- Opening Delimiter -

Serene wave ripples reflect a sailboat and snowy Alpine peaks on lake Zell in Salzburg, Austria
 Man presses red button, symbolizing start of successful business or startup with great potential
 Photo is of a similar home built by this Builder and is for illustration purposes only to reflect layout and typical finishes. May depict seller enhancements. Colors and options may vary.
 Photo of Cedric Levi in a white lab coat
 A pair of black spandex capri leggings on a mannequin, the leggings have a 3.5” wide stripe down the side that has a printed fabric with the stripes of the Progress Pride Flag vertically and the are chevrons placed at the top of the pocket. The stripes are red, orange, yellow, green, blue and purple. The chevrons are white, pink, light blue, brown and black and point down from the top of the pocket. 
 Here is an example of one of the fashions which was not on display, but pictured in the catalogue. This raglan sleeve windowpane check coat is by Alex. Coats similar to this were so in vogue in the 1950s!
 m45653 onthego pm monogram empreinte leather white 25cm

- Closing Delimiter -

**ACTIVITY:** Every line from the one containing "Photo of Cedric Levi in a white lab coat" through the end of the data must be repeated exactly, and no other line.

**EXERCISE ANSWER:**
 Photo of Cedric Levi in a white lab coat
 A pair of black spandex capri leggings on a mannequin, the leggings have a 3.5” wide stripe down the side that has a printed fabric with the stripes of the Progress Pride Flag vertically and the are chevrons placed at the top of the pocket. The stripes are red, orange, yellow, green, blue and purple. The chevrons are white, pink, light blue, brown and black and point down from the top of the pocket. 
 Here is an example of one of the fashions which was not on display, but pictured in the catalogue. This raglan sleeve windowpane check coat is by Alex. Coats similar to this were so in vogue in the 1950s!
 m45653 onthego pm monogram empreinte leather white 25cm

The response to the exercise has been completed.